-------- Dataset --------

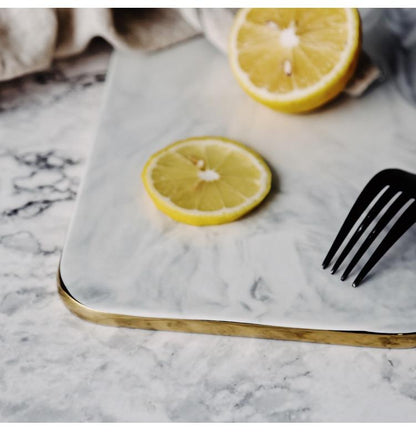 Gold Rim Marble Cutting Board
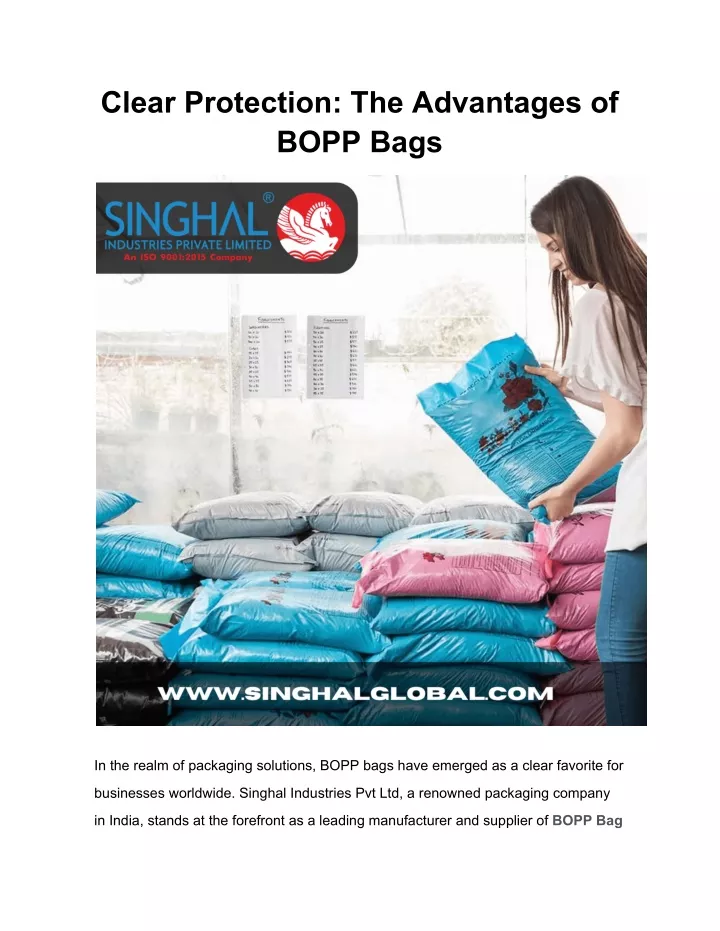 clear protection the advantages of bopp bags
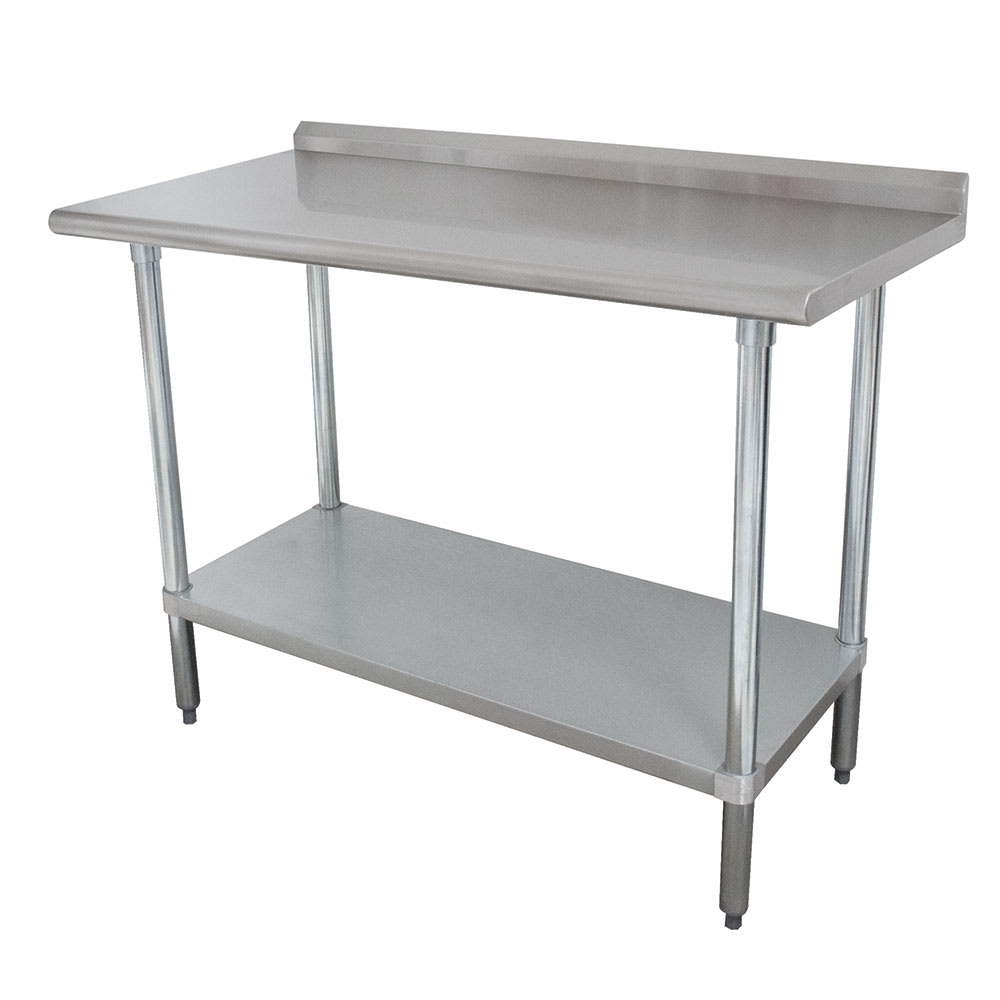 009-FLAG2462X 72" 16 ga Work Table w/ Undershelf & 430 Series Stainless Top, 1 1/2"...
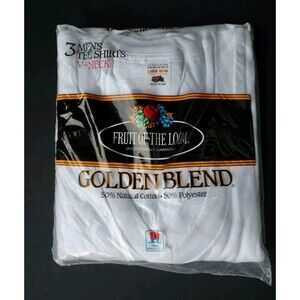 FRUIT OF THE LOOM Golden Blend Vintage NOS 3-Pack V Neck T-Shirts, Men's Large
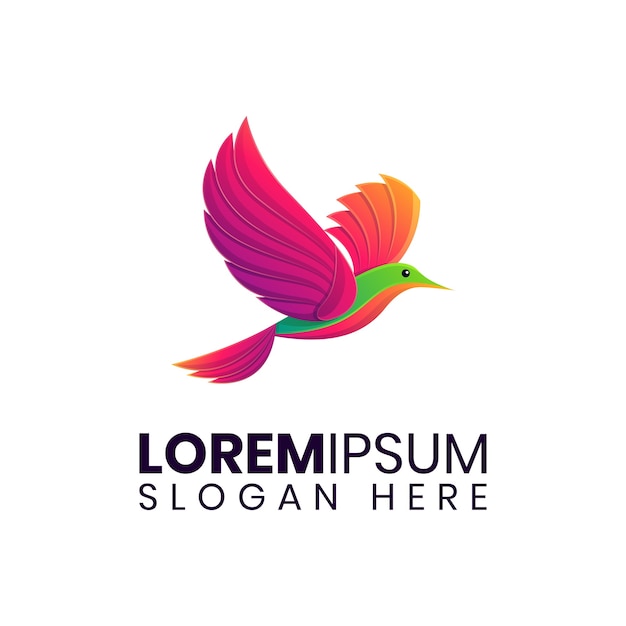 Kleurrijke vliegende vogel logo sjabloon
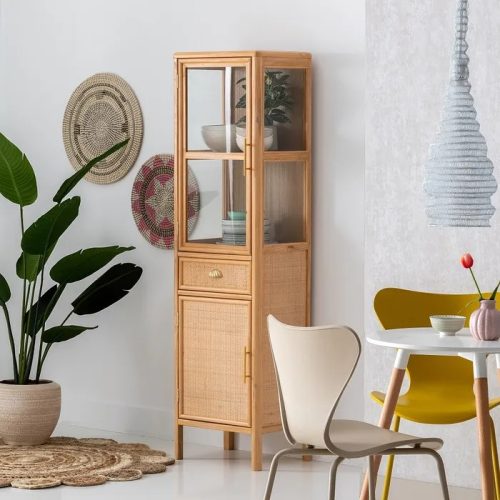 VITRINA NATURAL MADERA DM DECORACIÓN 47 X 34 X 170 CM IXIA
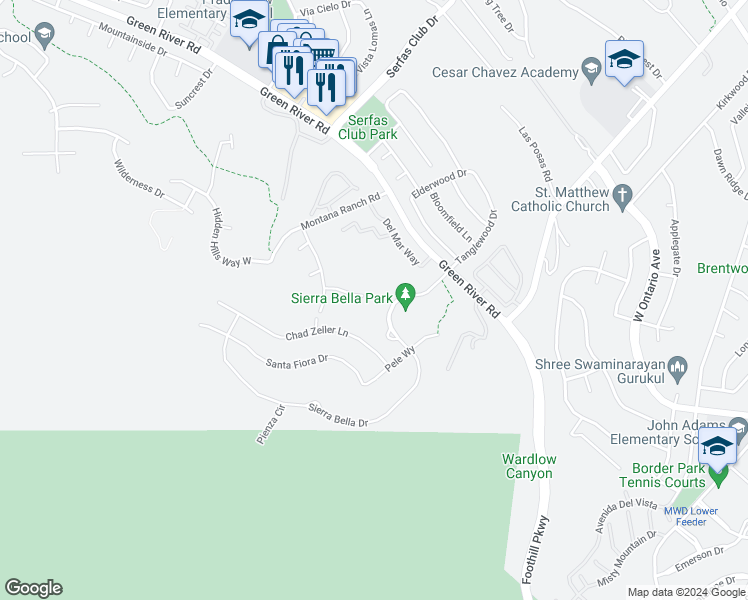 map of restaurants, bars, coffee shops, grocery stores, and more near 2507 Camino Del Plata in Corona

--------

** Exercise details **
The range runs from the line containing "Kleurrijke vliegende vogel logo sjabloon" through the end of the entries; print those lines exactly and leave the pictures out.

** Expected output **
 Kleurrijke vliegende vogel logo sjabloon
 VITRINA NATURAL MADERA DM DECORACIÓN 47 X 34 X 170 CM IXIA
 map of restaurants, bars, coffee shops, grocery stores, and more near 2507 Camino Del Plata in Corona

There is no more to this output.